Margo Martindale: I had done a movie by Jim Strauss before, “The Winning Season.” I love his writing and Will Arnett had given John my number to call me because he said he wanted to talk to me about a movie and I was so happy to hear from him after 16 years.
Krasinski: My first job ever was a Marshall’s commercial with her!
Martindale: He sent me the script and I absolutely loved it. It’s so specific and it’s so real and it’s a slice of life but it is surprising. I said yes immediately.
Margo, did it also resonate with you because you could see your family in there too?
Martindale: I think you can see your family in it. You try to bring your honesty, your reality to anything you do. I see some of my family in there. My core family, the one I live in now, is hilarious. But my family I grew up in was very, very funny. So I love that about this family.
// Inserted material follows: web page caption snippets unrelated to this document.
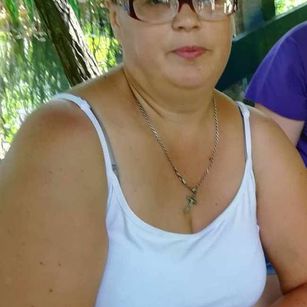 Model - Ksyukha fastresponse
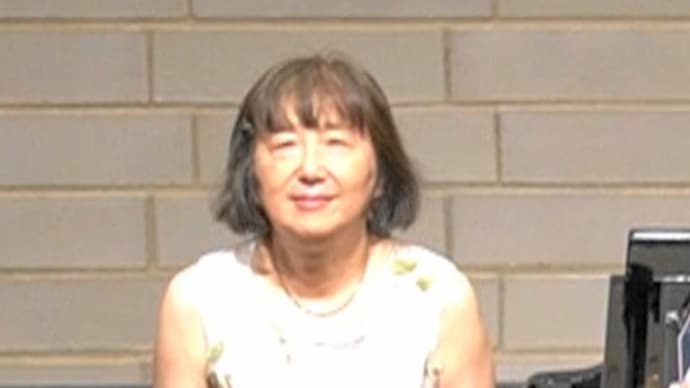 第72回プロムナード・コンサート終了しました
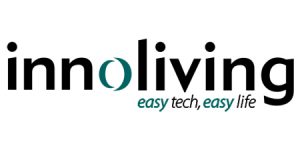 Innoliving - италианска марка с технологични решения за здравето на цялото семейство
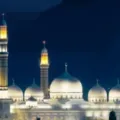 Jadwal Imsakiyah Lombok Tengah Puasa Ramadhan PDF EXCEL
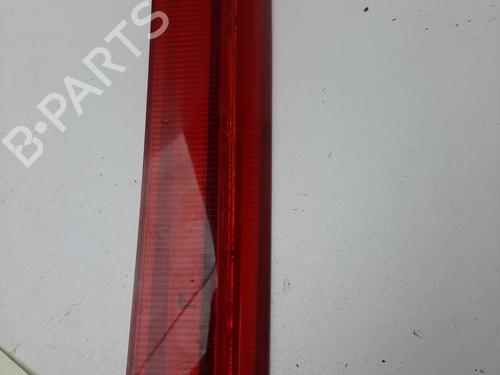 Used Third brake light FORD FOCUS III 1.6 TDCi (115 hp) 29939040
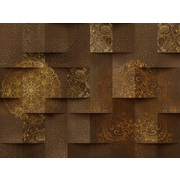 Thumb_sn101_col2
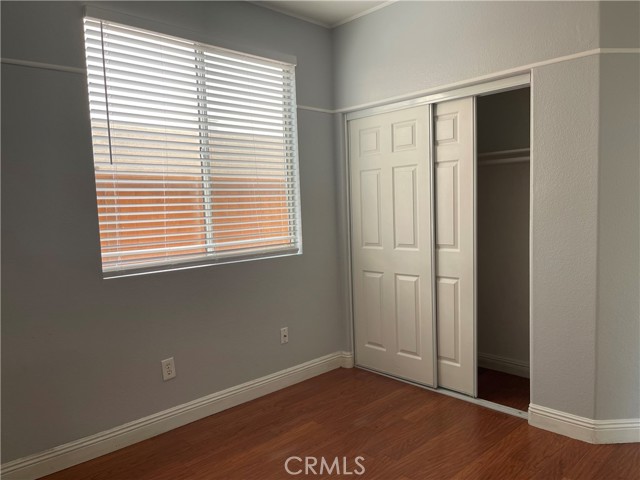 Detail Gallery Image 12 of 18 For 4463 Sawgrass Ct, Chino Hills,  CA 91709 - 5 Beds | 3 Baths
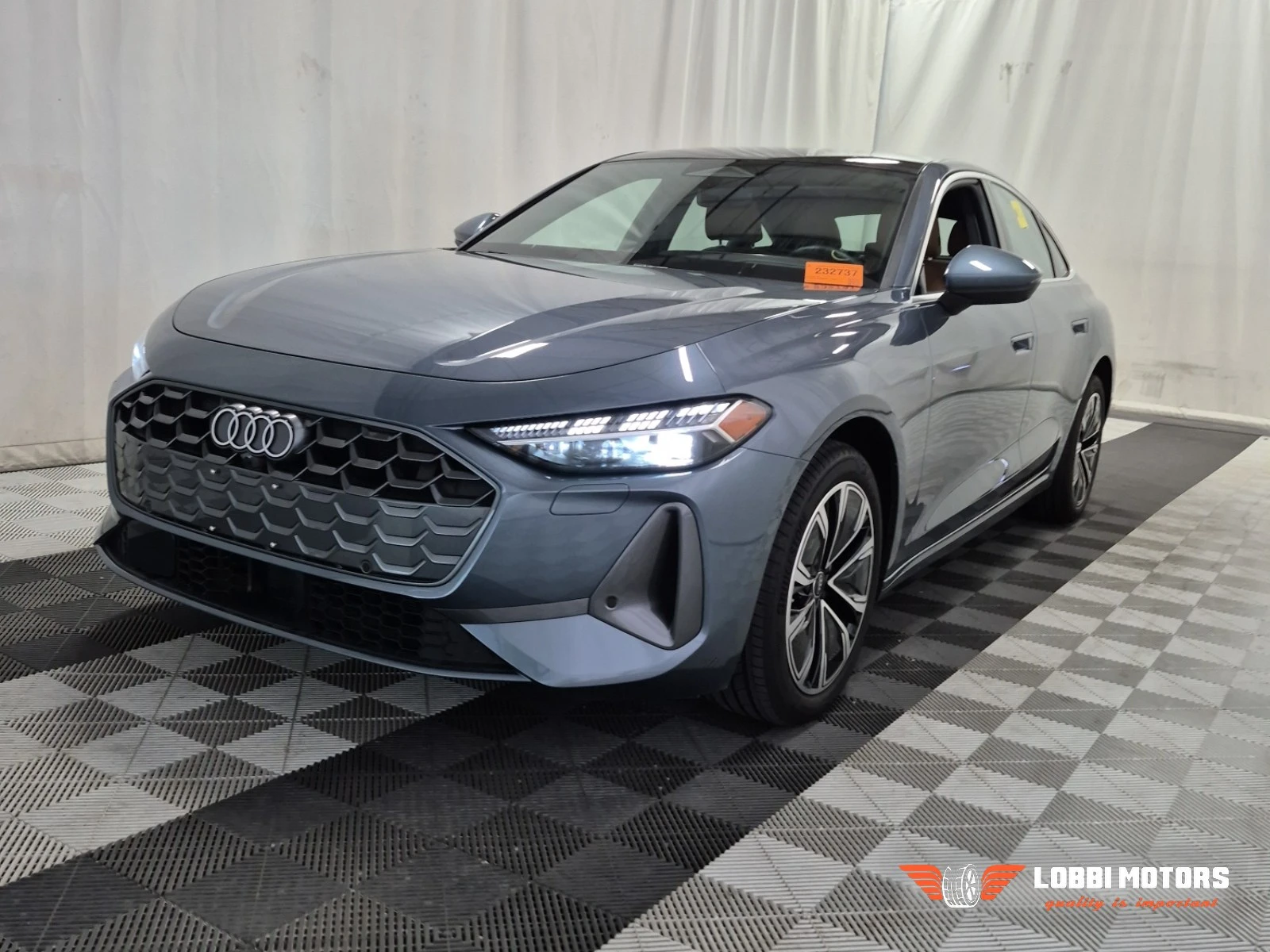 Audi A5 | Mobile.bg � ����������� 1
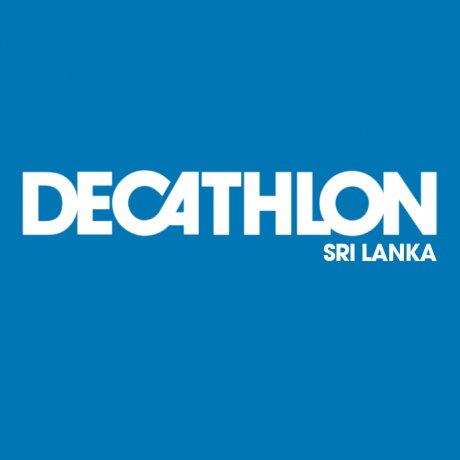 decathlon-battaramulla-big-0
Why did it take so long to get this movie made?
Krasinski: I think that these movies aren’t made very often and that’s sad. I certainly grew up with these movies. I think I had “Terms of Endearment” on my mind for this, and I don’t think movies that are this personal are made anymore because it doesn’t have giant aliens or robots and it doesn’t have millions of dollars behind it or it isn’t a book or whatever. I think it’s a big chance to take to make a movie that’s about as something as pure and honest and something people can relate to everyday. Our storytelling medium is to represent who we are out there and I’m not so represented by the robots and aliens, but I love watching, but I also think there should be more like this.
When did you make the decision to also direct the movie?
Krasinski: About four years after I was attached to the movie, the financier called me and told me he was having trouble getting the movie made which is a sad story for a lot of these smaller films. And he asked me if I would buy the film outright from him and if I would take the responsibility of making it myself and I said yes. That’s a big financial commitment and a huge responsibility and yet I had no hesitation because I knew this script was this good. It wasn’t a hard decision at all.
Was it challenging to be on both sides of the camera?
Krasinski: For me, this one was very easy, if not essential that I was an actor in it. I think the selling point of this movie is that it has to feel organic. It has to feel like a real family. The only way to do that was to stay in the moment and to kind of create a bubble around us.
Martindale: And to be inside the family, not outside of it.
Krasinski: We really bonded as a family and not a fake family. For a real 22 days we were a real family. I found that I had so much love for these people and I felt so much love back. We were so connected in a magical way that I have not experience in my career before. You know, then being an actor in there it was nice to be able to protect them from things like yelling cut and going behind screens and breaking that momentum and intimate feeling especially with something so emotional. It felt more like a play or a home movie.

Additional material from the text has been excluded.